Work instructions
From the material below, please set down exactly the lines starting with the one with "Beautiful family, mother" and going on through the one with "Stunning stone work", without a single picture.

_ _ _ _ _ _ _

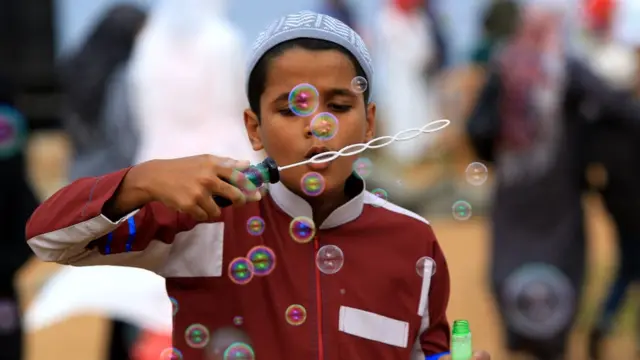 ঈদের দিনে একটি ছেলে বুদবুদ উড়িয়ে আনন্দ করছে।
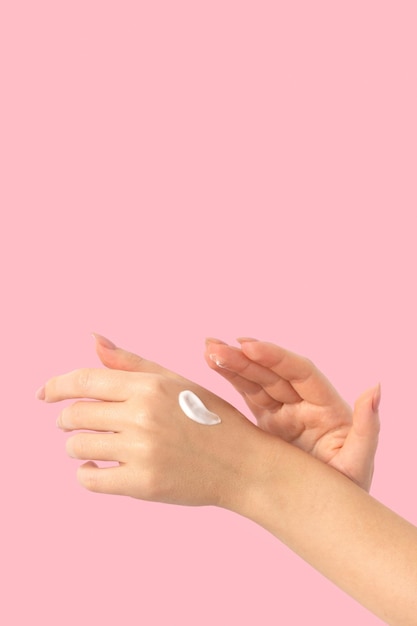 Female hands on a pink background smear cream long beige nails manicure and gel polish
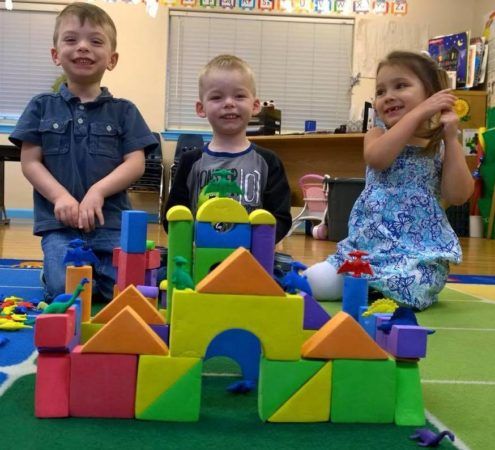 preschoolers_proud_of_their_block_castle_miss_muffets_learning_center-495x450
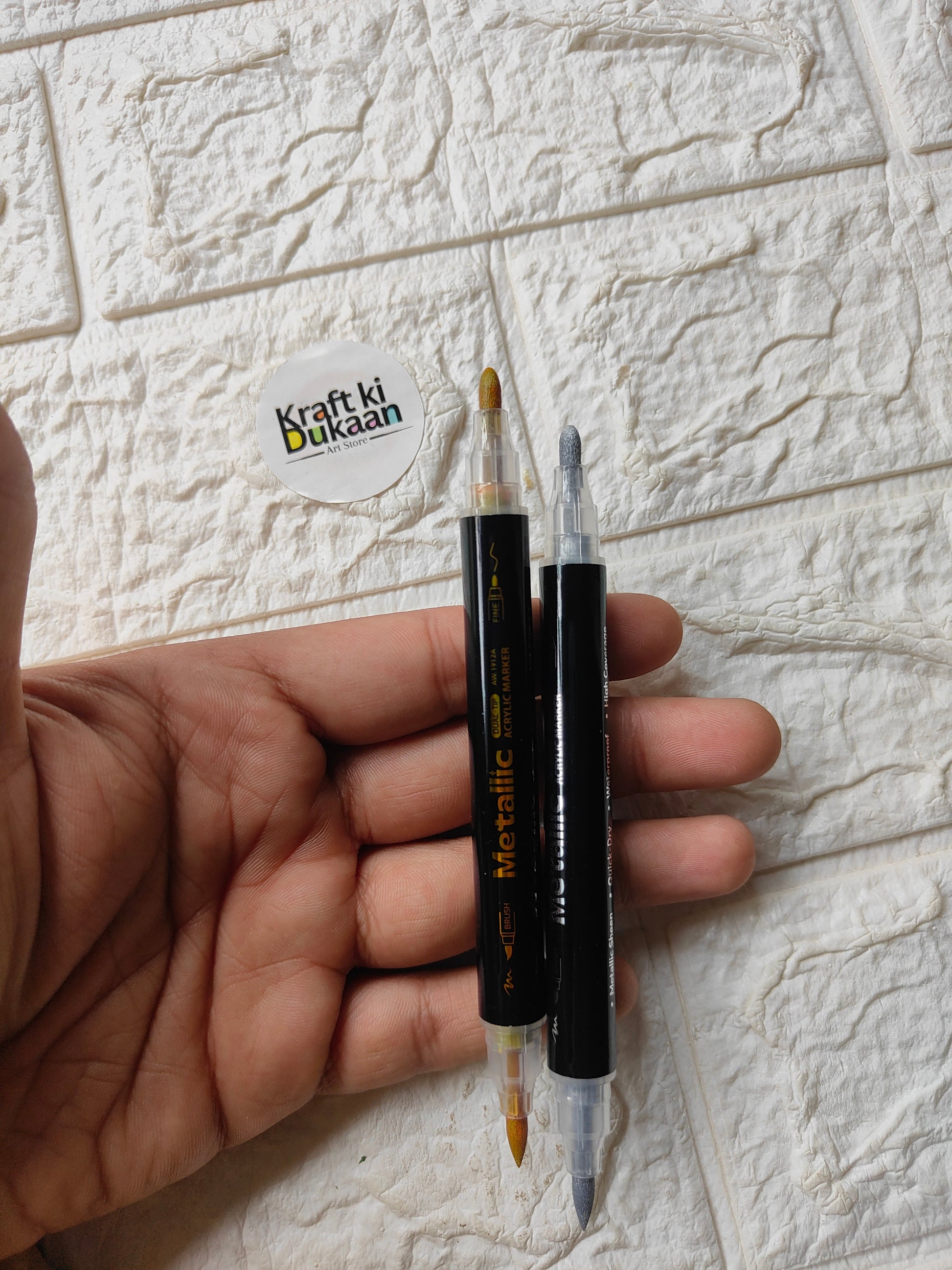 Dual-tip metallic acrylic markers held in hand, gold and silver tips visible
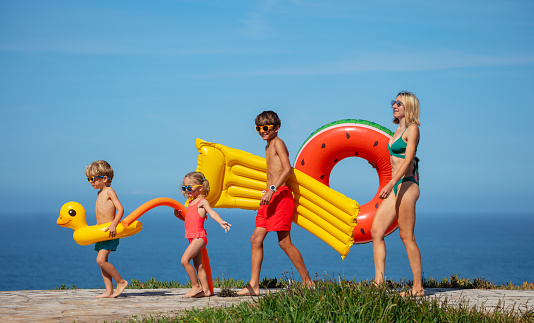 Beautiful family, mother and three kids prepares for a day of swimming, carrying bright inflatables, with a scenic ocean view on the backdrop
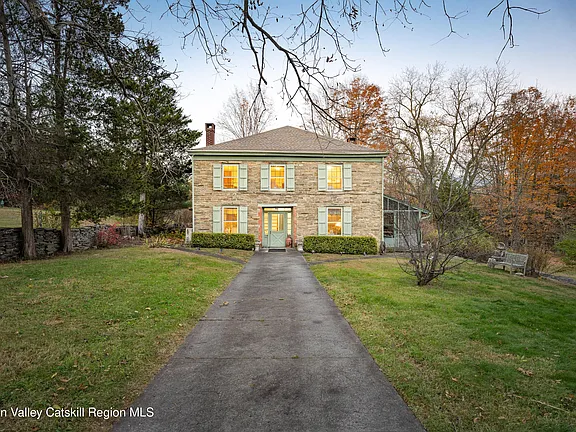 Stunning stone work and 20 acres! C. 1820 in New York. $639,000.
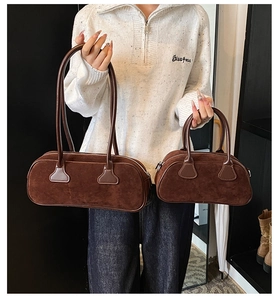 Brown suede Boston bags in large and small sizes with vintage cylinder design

_ _ _ _ _ _ _

Response for this exercise
 Beautiful family, mother and three kids prepares for a day of swimming, carrying bright inflatables, with a scenic ocean view on the backdrop
 Stunning stone work and 20 acres! C. 1820 in New York. $639,000.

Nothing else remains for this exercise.